*** Given records ***

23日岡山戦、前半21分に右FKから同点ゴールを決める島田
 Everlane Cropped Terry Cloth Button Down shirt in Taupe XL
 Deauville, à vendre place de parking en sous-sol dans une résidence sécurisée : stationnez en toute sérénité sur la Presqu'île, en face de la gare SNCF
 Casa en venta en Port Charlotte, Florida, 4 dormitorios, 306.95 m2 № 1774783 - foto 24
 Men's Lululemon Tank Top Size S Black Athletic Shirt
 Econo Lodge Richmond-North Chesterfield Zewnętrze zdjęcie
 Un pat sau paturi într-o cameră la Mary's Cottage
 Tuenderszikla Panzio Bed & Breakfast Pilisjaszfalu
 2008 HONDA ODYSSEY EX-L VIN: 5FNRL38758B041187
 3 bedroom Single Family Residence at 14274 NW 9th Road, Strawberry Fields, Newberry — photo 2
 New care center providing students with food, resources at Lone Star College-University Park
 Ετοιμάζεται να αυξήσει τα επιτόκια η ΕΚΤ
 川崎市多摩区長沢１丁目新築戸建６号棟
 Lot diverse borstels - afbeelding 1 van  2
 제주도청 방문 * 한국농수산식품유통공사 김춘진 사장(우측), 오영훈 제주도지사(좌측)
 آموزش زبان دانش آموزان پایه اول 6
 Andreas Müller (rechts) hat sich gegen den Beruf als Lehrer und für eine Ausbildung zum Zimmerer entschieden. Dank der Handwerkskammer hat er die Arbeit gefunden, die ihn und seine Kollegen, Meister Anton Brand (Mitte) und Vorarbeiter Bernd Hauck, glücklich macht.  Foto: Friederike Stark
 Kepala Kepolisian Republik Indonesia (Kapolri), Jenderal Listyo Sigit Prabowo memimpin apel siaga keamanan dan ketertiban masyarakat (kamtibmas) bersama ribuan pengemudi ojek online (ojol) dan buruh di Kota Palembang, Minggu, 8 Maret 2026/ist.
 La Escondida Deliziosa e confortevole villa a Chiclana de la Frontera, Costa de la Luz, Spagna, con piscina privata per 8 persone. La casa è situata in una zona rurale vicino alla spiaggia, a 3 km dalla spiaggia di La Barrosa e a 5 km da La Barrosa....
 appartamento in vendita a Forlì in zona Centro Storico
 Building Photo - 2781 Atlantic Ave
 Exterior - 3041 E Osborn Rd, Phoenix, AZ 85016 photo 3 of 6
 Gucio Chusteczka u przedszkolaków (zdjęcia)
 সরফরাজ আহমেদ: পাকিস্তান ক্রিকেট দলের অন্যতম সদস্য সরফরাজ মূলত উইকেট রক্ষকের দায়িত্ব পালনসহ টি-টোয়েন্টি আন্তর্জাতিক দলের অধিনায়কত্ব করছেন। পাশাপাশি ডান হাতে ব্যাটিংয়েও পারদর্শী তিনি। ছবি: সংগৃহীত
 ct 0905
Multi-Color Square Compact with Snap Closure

*** End of Given records ***

#### To do:
Each record above has to be set down again, word for word.

#### The completed task:
23日岡山戦、前半21分に右FKから同点ゴールを決める島田
 Everlane Cropped Terry Cloth Button Down shirt in Taupe XL
 Deauville, à vendre place de parking en sous-sol dans une résidence sécurisée : stationnez en toute sérénité sur la Presqu'île, en face de la gare SNCF
 Casa en venta en Port Charlotte, Florida, 4 dormitorios, 306.95 m2 № 1774783 - foto 24
 Men's Lululemon Tank Top Size S Black Athletic Shirt
 Econo Lodge Richmond-North Chesterfield Zewnętrze zdjęcie
 Un pat sau paturi într-o cameră la Mary's Cottage
 Tuenderszikla Panzio Bed & Breakfast Pilisjaszfalu
 2008 HONDA ODYSSEY EX-L VIN: 5FNRL38758B041187
 3 bedroom Single Family Residence at 14274 NW 9th Road, Strawberry Fields, Newberry — photo 2
 New care center providing students with food, resources at Lone Star College-University Park
 Ετοιμάζεται να αυξήσει τα επιτόκια η ΕΚΤ
 川崎市多摩区長沢１丁目新築戸建６号棟
 Lot diverse borstels - afbeelding 1 van  2
 제주도청 방문 * 한국농수산식품유통공사 김춘진 사장(우측), 오영훈 제주도지사(좌측)
 آموزش زبان دانش آموزان پایه اول 6
 Andreas Müller (rechts) hat sich gegen den Beruf als Lehrer und für eine Ausbildung zum Zimmerer entschieden. Dank der Handwerkskammer hat er die Arbeit gefunden, die ihn und seine Kollegen, Meister Anton Brand (Mitte) und Vorarbeiter Bernd Hauck, glücklich macht.  Foto: Friederike Stark
 Kepala Kepolisian Republik Indonesia (Kapolri), Jenderal Listyo Sigit Prabowo memimpin apel siaga keamanan dan ketertiban masyarakat (kamtibmas) bersama ribuan pengemudi ojek online (ojol) dan buruh di Kota Palembang, Minggu, 8 Maret 2026/ist.
 La Escondida Deliziosa e confortevole villa a Chiclana de la Frontera, Costa de la Luz, Spagna, con piscina privata per 8 persone. La casa è situata in una zona rurale vicino alla spiaggia, a 3 km dalla spiaggia di La Barrosa e a 5 km da La Barrosa....
 appartamento in vendita a Forlì in zona Centro Storico
 Building Photo - 2781 Atlantic Ave
 Exterior - 3041 E Osborn Rd, Phoenix, AZ 85016 photo 3 of 6
 Gucio Chusteczka u przedszkolaków (zdjęcia)
 সরফরাজ আহমেদ: পাকিস্তান ক্রিকেট দলের অন্যতম সদস্য সরফরাজ মূলত উইকেট রক্ষকের দায়িত্ব পালনসহ টি-টোয়েন্টি আন্তর্জাতিক দলের অধিনায়কত্ব করছেন। পাশাপাশি ডান হাতে ব্যাটিংয়েও পারদর্শী তিনি। ছবি: সংগৃহীত
 ct 0905
Multi-Color Square Compact with Snap Closure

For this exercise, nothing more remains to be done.